The major broadcast networks today sued the makers of Locast, a nonprofit organization that provides free online access to broadcast TV stations. The lawsuit filed by ABC, CBS, Fox, and NBC seeks financial damages and a permanent injunction that would shut Locast down.
Broadcast TV networks are available for free over the air with an antenna. But selling the rights to retransmit those signals in other ways is a big business. Broadcasters reportedly collected $10.1 billion in 2018 via retransmission fees they charge cable and satellite TV companies.
TV providers routinely pass this cost along to consumers in the form of “Broadcast TV” fees. Pay-TV providers use these fees to raise the actual cost of service above their advertised prices and to raise customers’ prices even while they’re under contract.
Pay-TV providers have also been refusing broadcasters’ demands to pay even higher fees, and broadcast channels have frequently been blacked out on cable and satellite TV systems as a result.
Use an antenna—or Locast
Locast says it is on a mission to help TV viewers get easier access to channels that are supposed to be free:
Ever since the dawn of TV broadcasting in the mid-20th Century, non-profit organizations have provided “translator” TV stations as a public service. Where a primary broadcaster cannot reach a receiver with a strong enough signal, the translator amplifies that signal with another transmitter, allowing consumers who otherwise could not get the over-the-air signal to receive important programming, including local news, weather and of course, sports. Locast.org provides the same public service, except instead of an over-the-air signal transmitter, we provide the local broadcast signal via online streaming.

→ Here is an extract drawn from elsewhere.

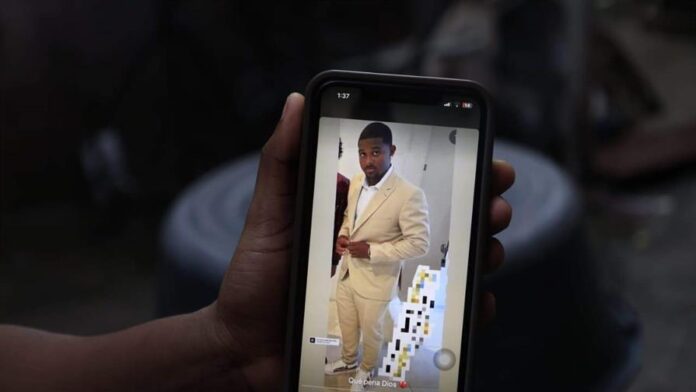 Policías matan a joven de 25 años durante una cena navideña en Villa Consuelo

So far, Locast is available in 13 US markets, namely Baltimore; Boston; Chicago; Dallas; Denver; Houston; Philadelphia; Rapid City, South Dakota; Los Angeles; New York City; San Francisco; Sioux Falls, South Dakota; and Washington, DC. Locast intends to expand to new markets but solicits donations because it says it has “considerable costs for equipment, bandwidth, and operational support.” Locast can be used on mobile devices, streaming boxes, and Web browsers; it detects your location and lets you choose from a selection of local TV channels.
Networks claim Locast isn’t really a nonprofit
Broadcasters fear that wider availability of free TV channels will make it harder to charge retransmission fees to cable and satellite companies. The networks filed their lawsuit in US District Court for the Southern District of New York against Sports Fans Coalition founder David Goodfriend and the New York chapter of his group, which created Locast. Goodfriend, an attorney and lobbyist, has been fighting TV blackouts for years on multiple fronts.